- Opening Delimiter -
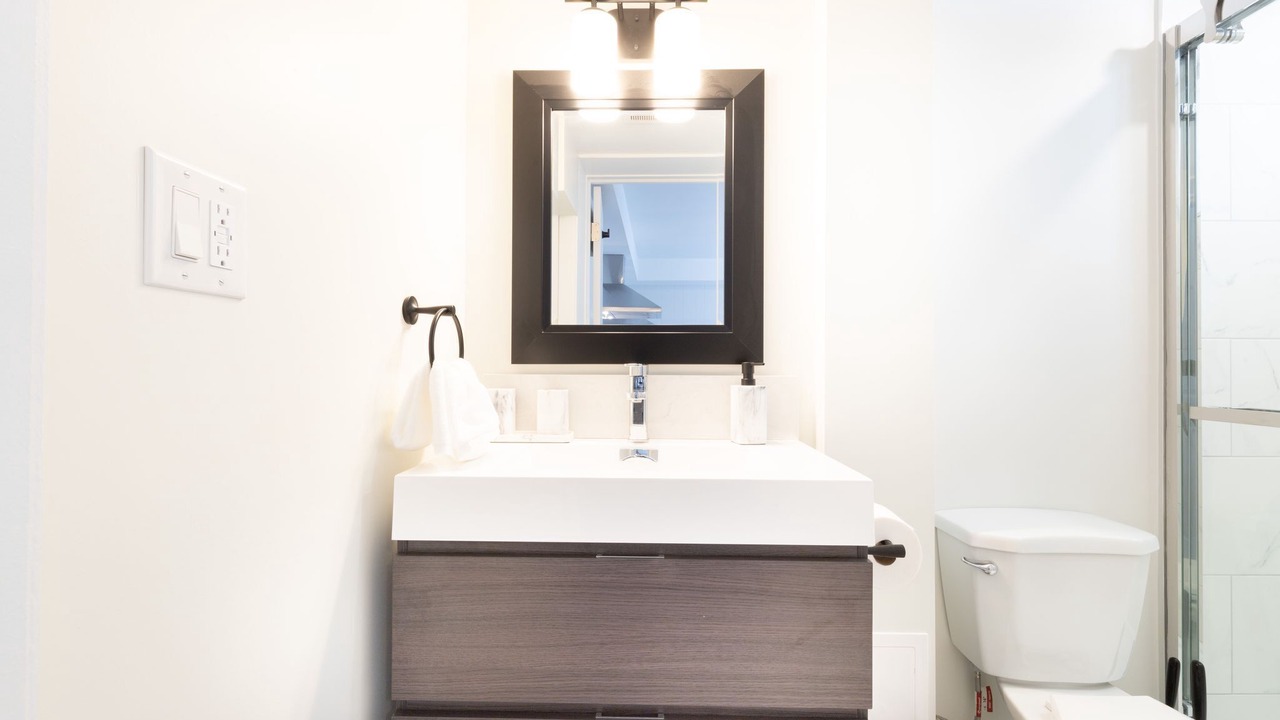 Photo of Bathroom in Willowdale
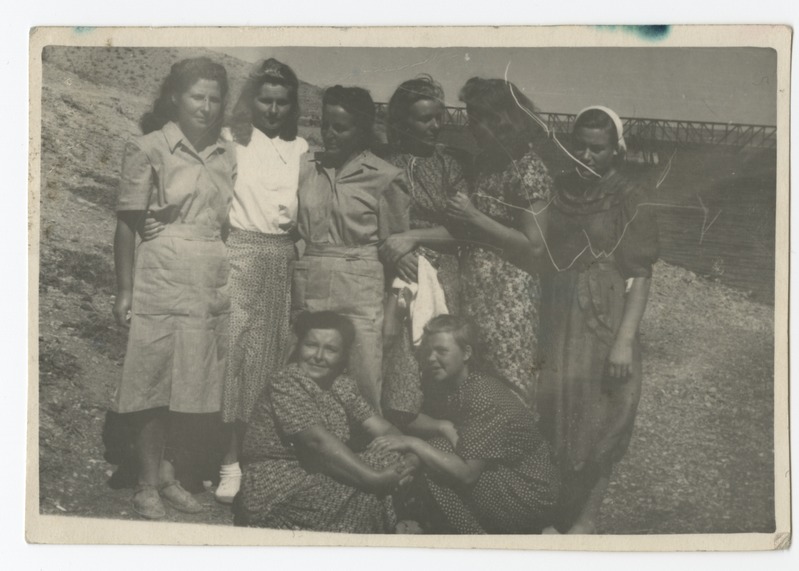 Grupipilt: naised vangilaagris - Hilda Sauram, Miralda Vasemägi, Tiina Sauram, Erika Pilt, Elli Sauvere, all: Salme Must, Ella Tedrenin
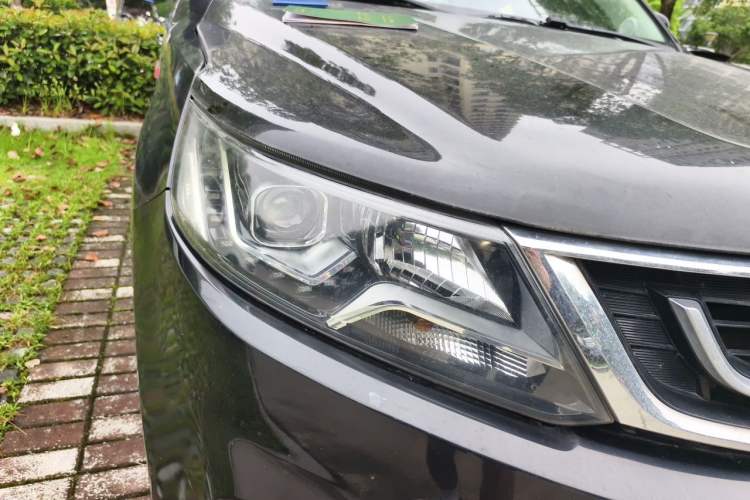Used Geely Auto Vision X6 2016 1.3T CVT Flagship Model Right Front Headlight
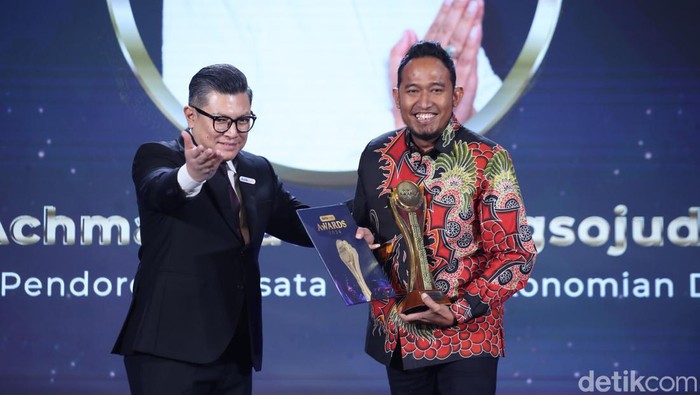 Bupati Sumenep Achmad Fauzi Jadi Tokoh Pendongkrak Pariwisata-Perekonomian Daerah Achmad Fauzi Wongsojudo selaku Bupati Sumenep juga dianugerahi sebagai Tokoh Pendorong Wisata dan Perekonomian Daerah di ajang detikcom Awards 2024.
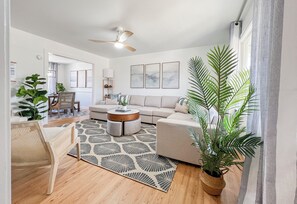 スマートテレビ、書庫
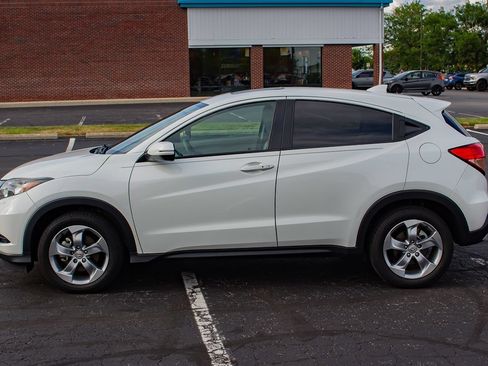 Used 2017 Honda HR-V EX image 5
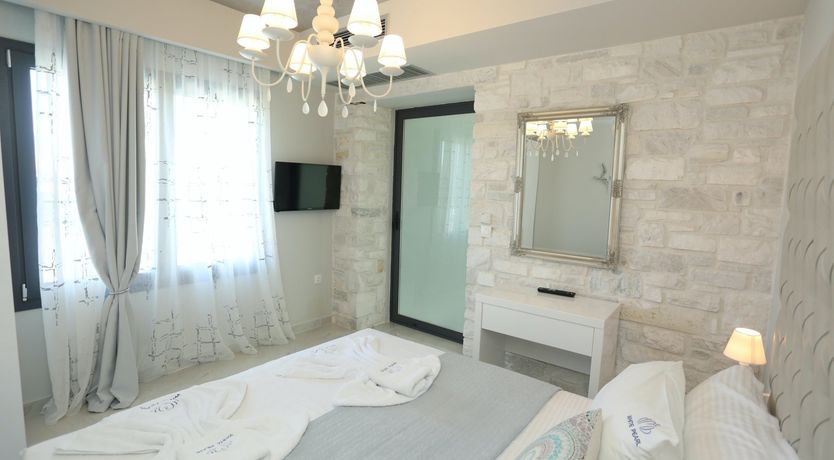 Photo of Grecian Gem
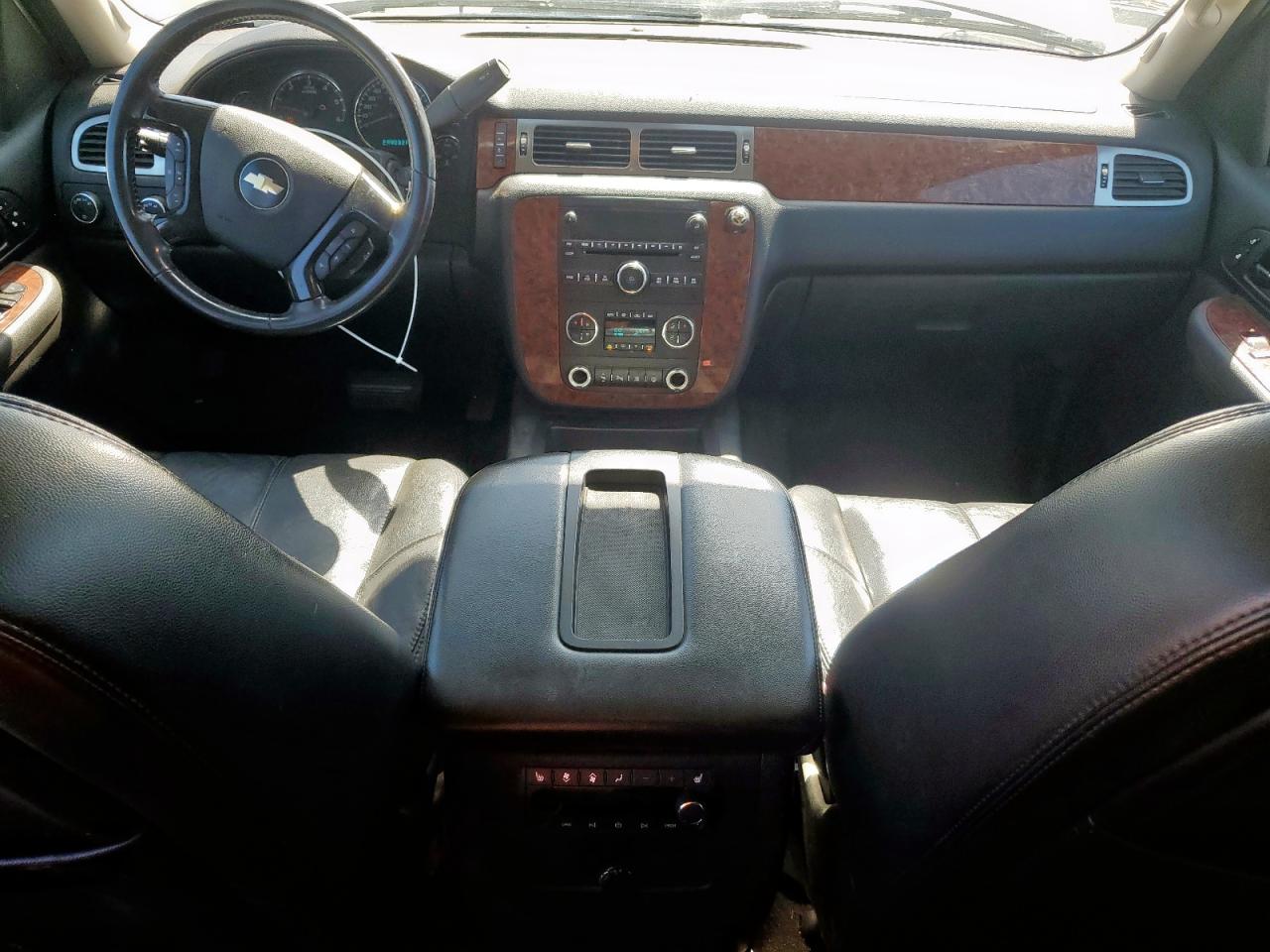 2007 Chevrolet Suburban - Image 8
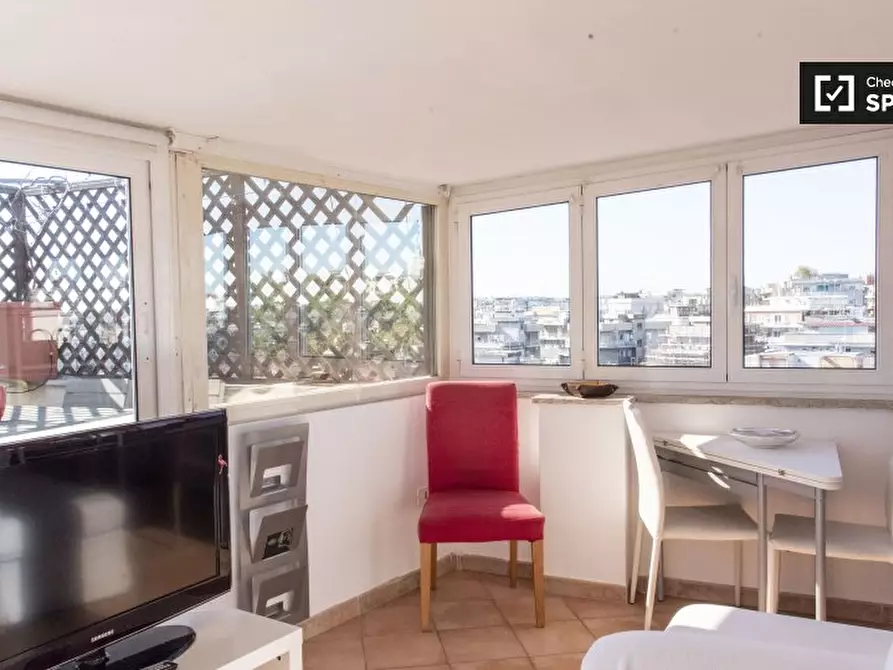 Immagine 4 di Appartamento in affitto  in Via Guido Guinizelli a Roma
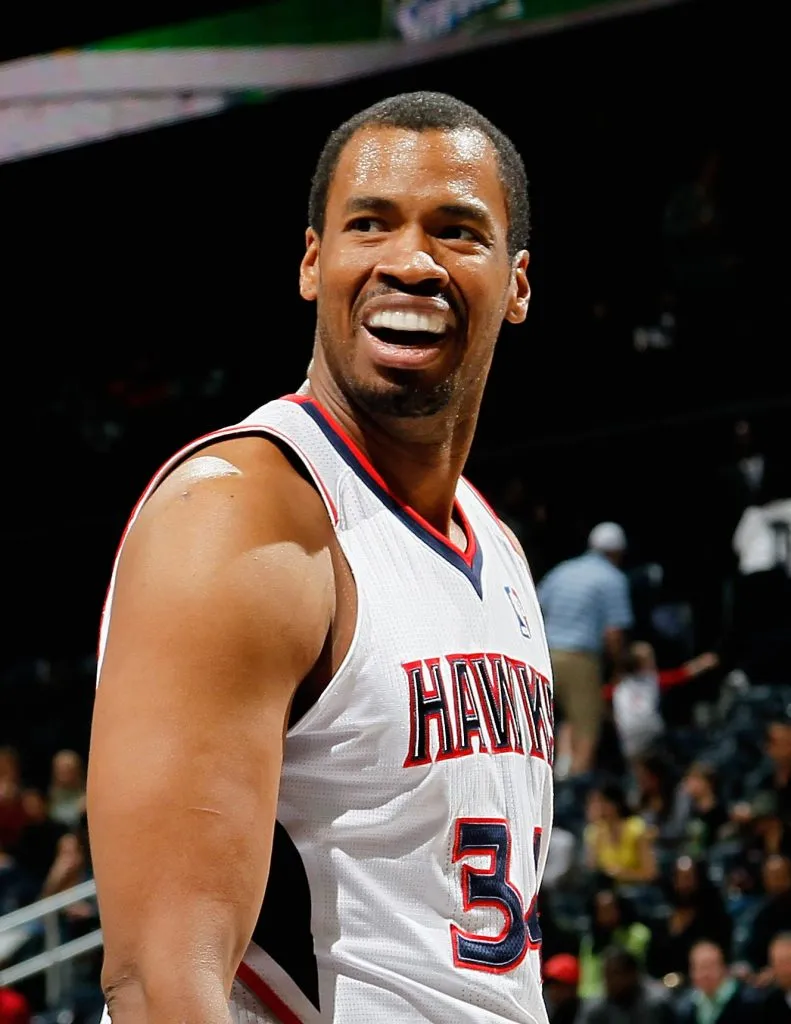 Jason Collins en un partido entre Atlanta Hawks y San Antonio Spurs. (Kevin C. Cox/Getty Images)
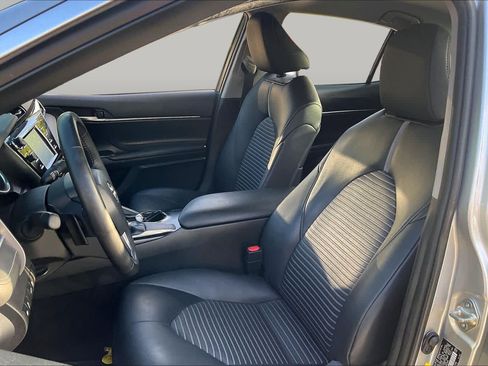 Used 2018 Toyota Camry SE FWD image 8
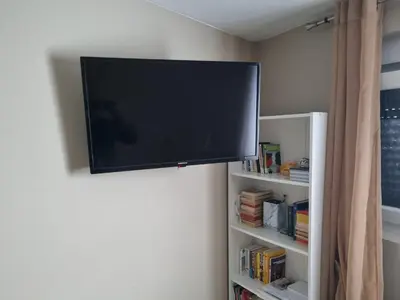 Télévision ou salle de divertissement dans l'établissement T1 meublé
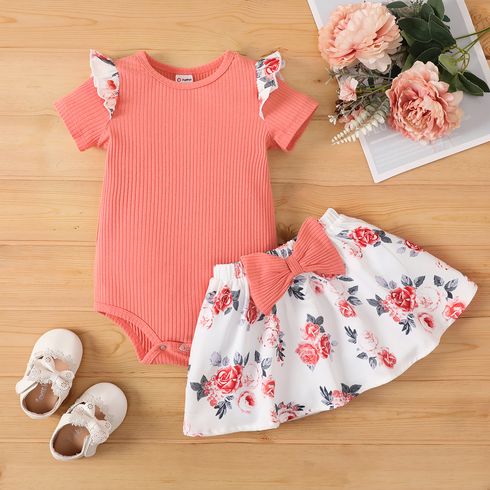 2pcs Baby Girl Ruffle Ribbed Short-sleeve Romper and Allover Floral Print Bow Decor Skirt Set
- Closing Delimiter -
- **Work required**
Repeat every entry above exactly as written and omit any pictures it holds.

- **Result for this exercise**
 Photo of Bathroom in Willowdale
 Grupipilt: naised vangilaagris - Hilda Sauram, Miralda Vasemägi, Tiina Sauram, Erika Pilt, Elli Sauvere, all: Salme Must, Ella Tedrenin
Used Geely Auto Vision X6 2016 1.3T CVT Flagship Model Right Front Headlight
 Bupati Sumenep Achmad Fauzi Jadi Tokoh Pendongkrak Pariwisata-Perekonomian Daerah Achmad Fauzi Wongsojudo selaku Bupati Sumenep juga dianugerahi sebagai Tokoh Pendorong Wisata dan Perekonomian Daerah di ajang detikcom Awards 2024.
 スマートテレビ、書庫
 Used 2017 Honda HR-V EX image 5
 Photo of Grecian Gem
 2007 Chevrolet Suburban - Image 8
 Immagine 4 di Appartamento in affitto  in Via Guido Guinizelli a Roma
 Jason Collins en un partido entre Atlanta Hawks y San Antonio Spurs. (Kevin C. Cox/Getty Images)
 Used 2018 Toyota Camry SE FWD image 8
 Télévision ou salle de divertissement dans l'établissement T1 meublé
 2pcs Baby Girl Ruffle Ribbed Short-sleeve Romper and Allover Floral Print Bow Decor Skirt Set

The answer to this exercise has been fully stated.